··· Records for the task ···

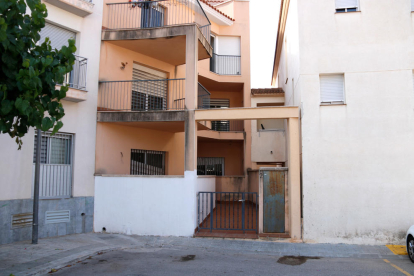 El bloc de pisos de la plaça Martorell de Roda de Berà que va ser desallotjat l'any passat.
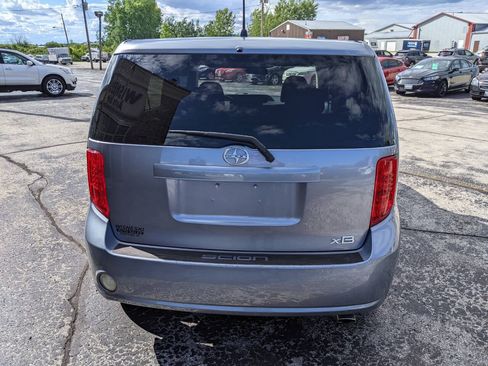 Used 2009 Scion xB FWD image 4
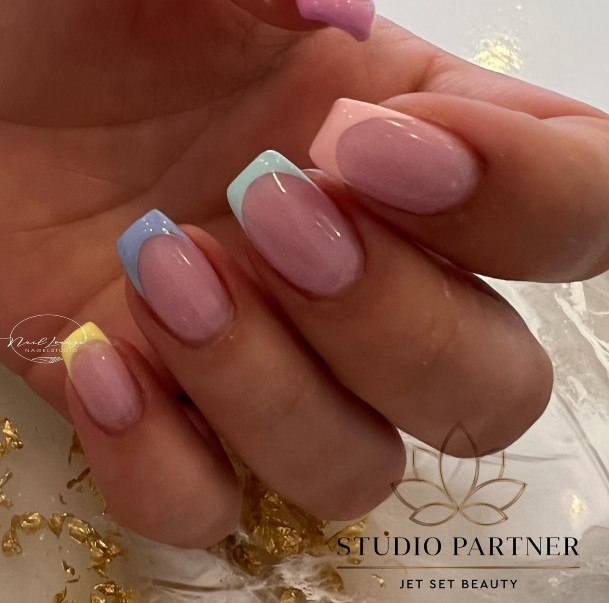 Minimal Pastel Nail For Women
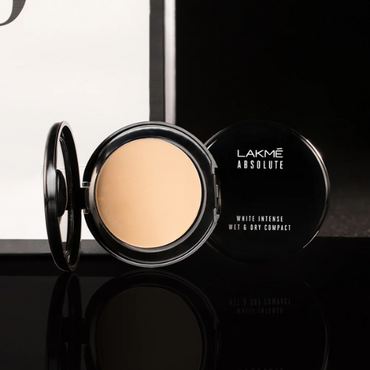 Lakmē Xtraordin-airy Compact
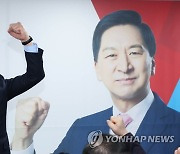 인사하는 김기현 의원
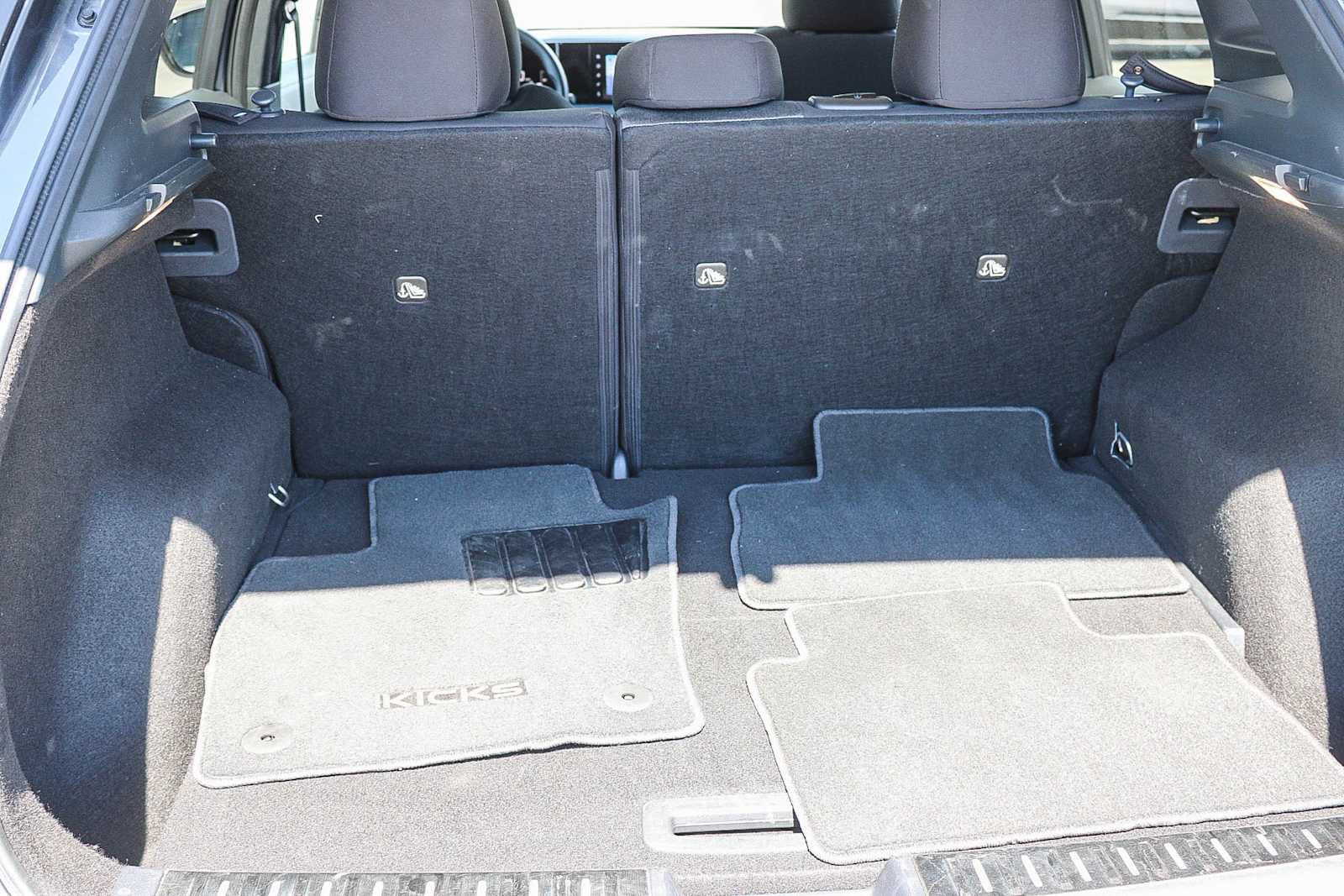 Used 2025 Nissan Kicks SV w/ Illumination Package FWD image 25
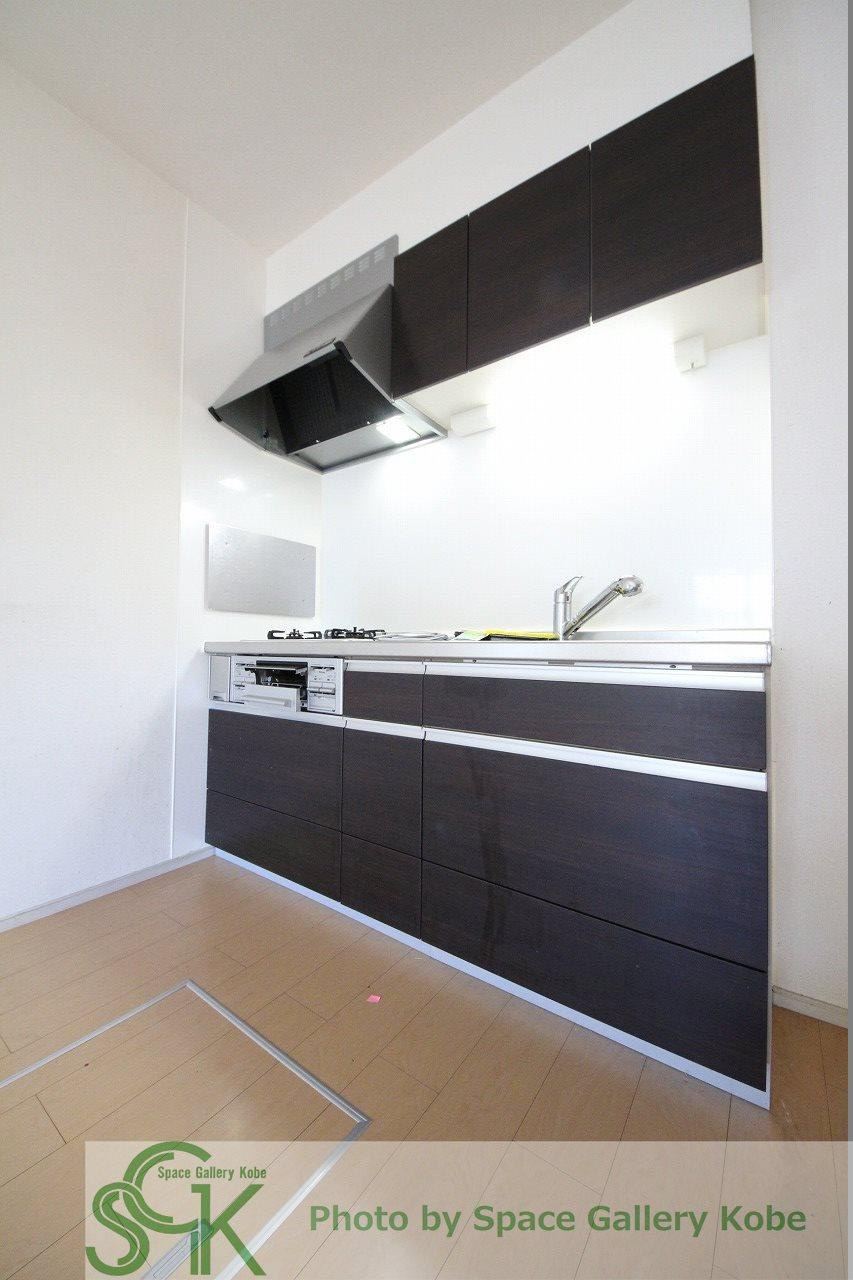 エステート上口のキッチン|※お部屋により仕様が異なる場合があります。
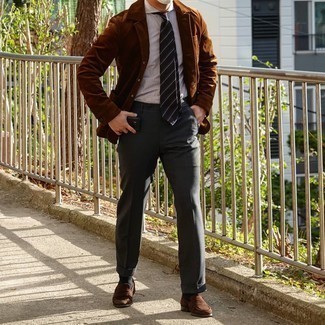 Braunes Cordsakko kombinieren – 84 Herren Outfits: Erwägen Sie das Tragen von einem braunen Cordsakko und einer dunkelgrauen Anzughose, um vor Klasse und Perfektion zu strotzen. Vervollständigen Sie Ihr Look mit braunen Wildleder Slippern.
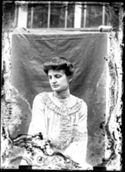 Ritratto di Caterina Frontali: set fotografico allestito nel cortile interno della Biblioteca Universitaria di Bologna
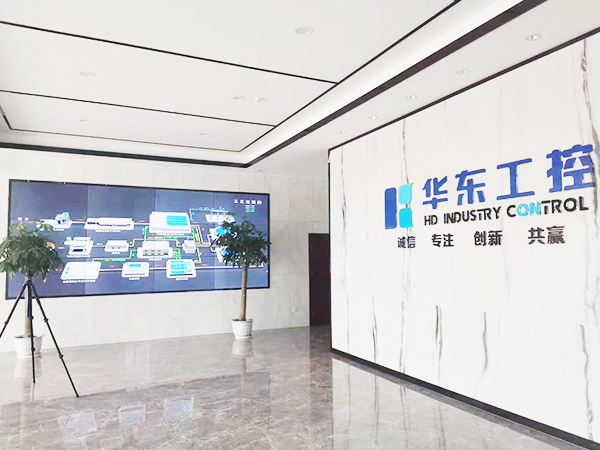 十八款禁用看尿口入口大厅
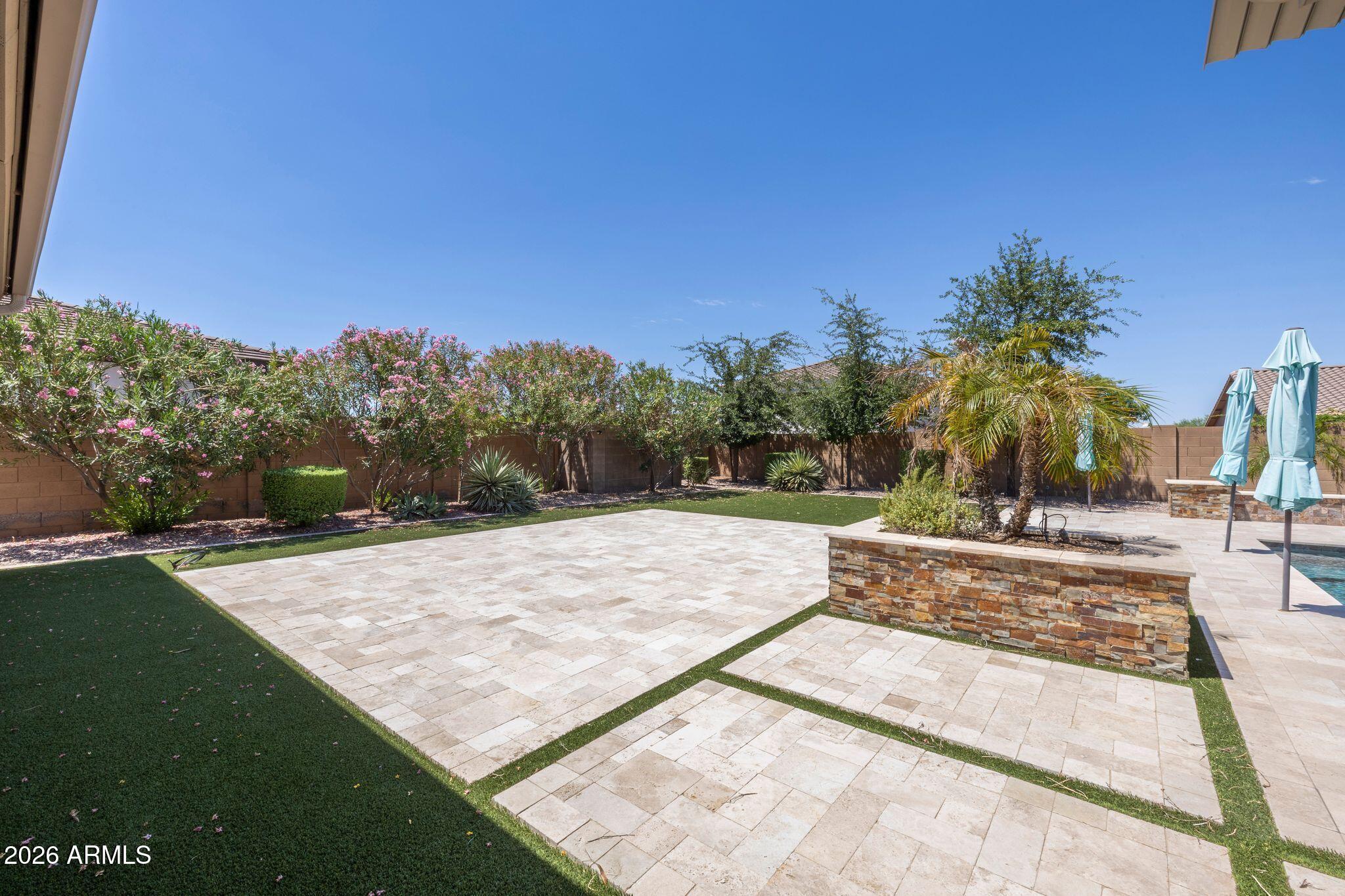 5519 E WINDSTONE Trail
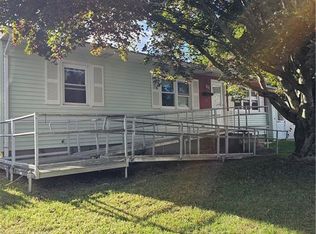 12 Navarre St, West Warwick, RI 02893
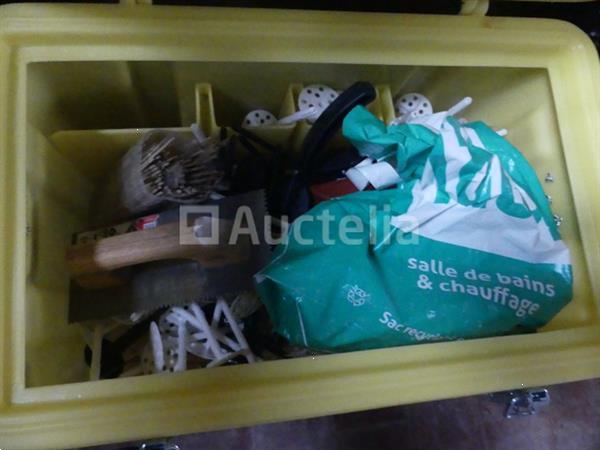 Grote foto 2 waterdichte koffers met inhoud doe het zelf en verbouw gereedschappen en machines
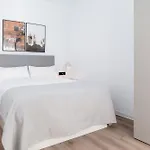 Limehome Carrer D'antonio Ferrandis Апартаменты Валенсия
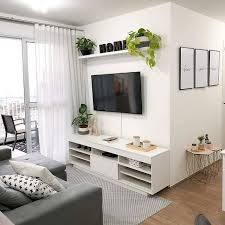 Ini masih dengan ruangan untuk ruang keluarga yang cukup luas dan menarik untuk dijadikan tempat berkumpul bersama keluarga tercinta tips desain interior ruangan 30. 6 Desain Ruang Tv Minimalis Ala Skandinavia Cantik Sederhana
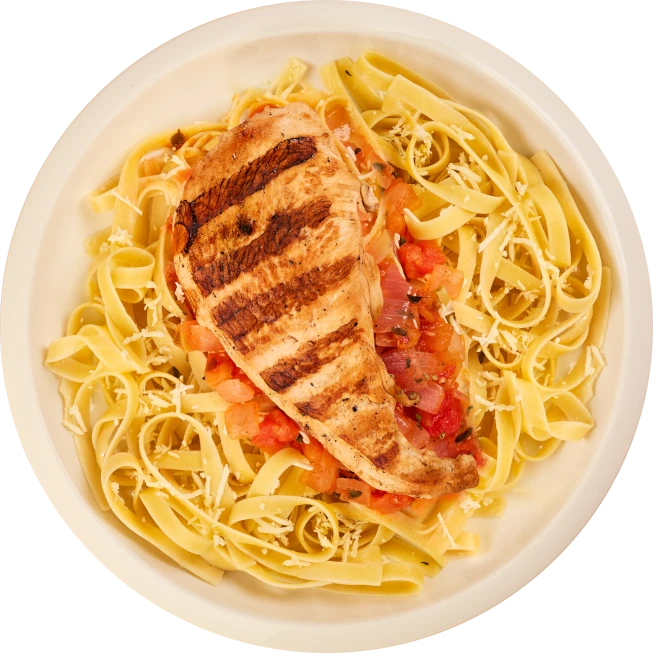 Fetuccini con pollo a la plancha y sofrito criollo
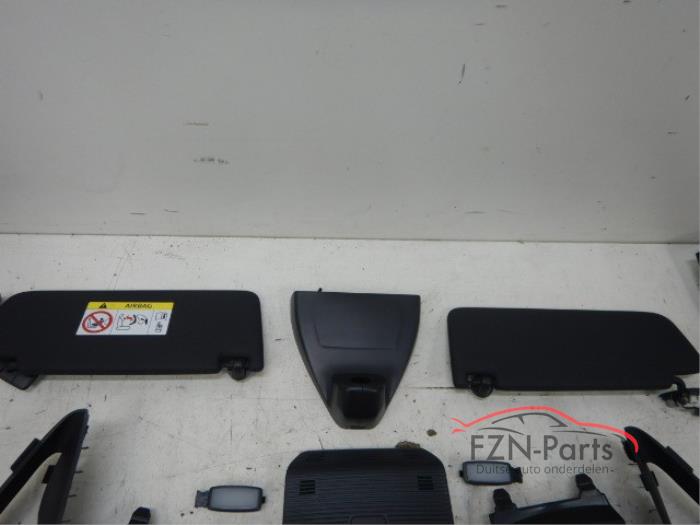 VW Golf 8 Variant Zwart Hemeldelen set compleet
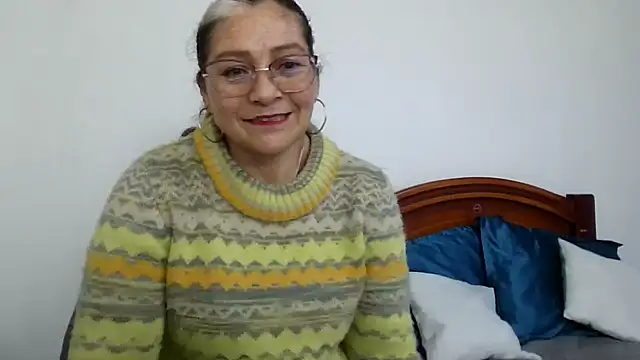 ruby-milf1 online show from October 3, 11:13 pm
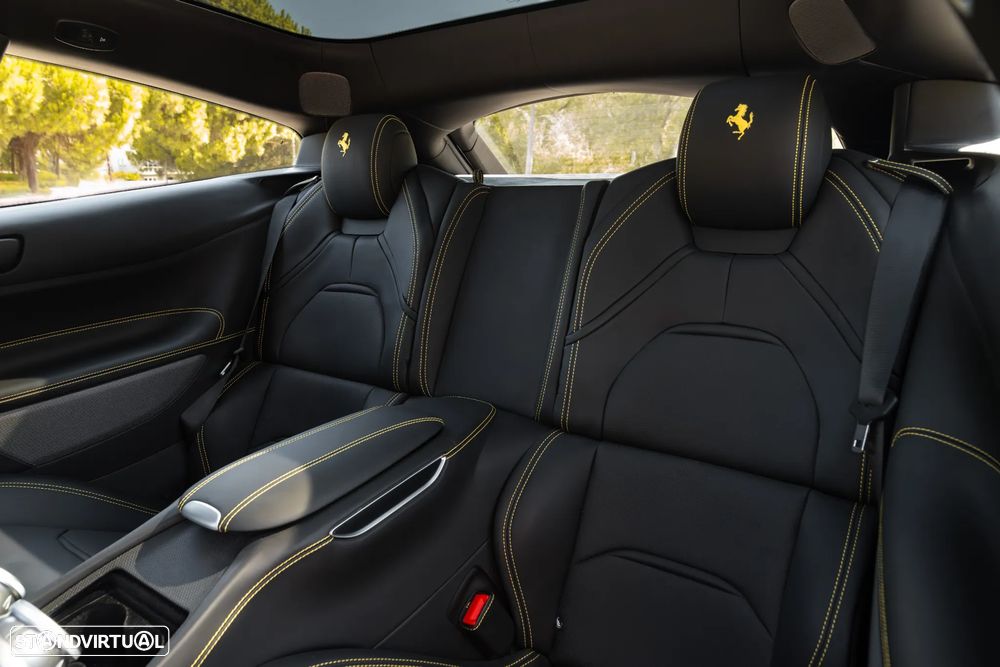 Ferrari GTC4 Lusso - 30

···

• Work request
Exact copy, pictures excluded: every line above from the one containing "5519 E WINDSTONE Trail" to the one containing "Limehome Carrer D'antonio", inclusive, and nothing more.

• Answer box
 5519 E WINDSTONE Trail
 12 Navarre St, West Warwick, RI 02893
 Grote foto 2 waterdichte koffers met inhoud doe het zelf en verbouw gereedschappen en machines
 Limehome Carrer D'antonio Ferrandis Апартаменты Валенсия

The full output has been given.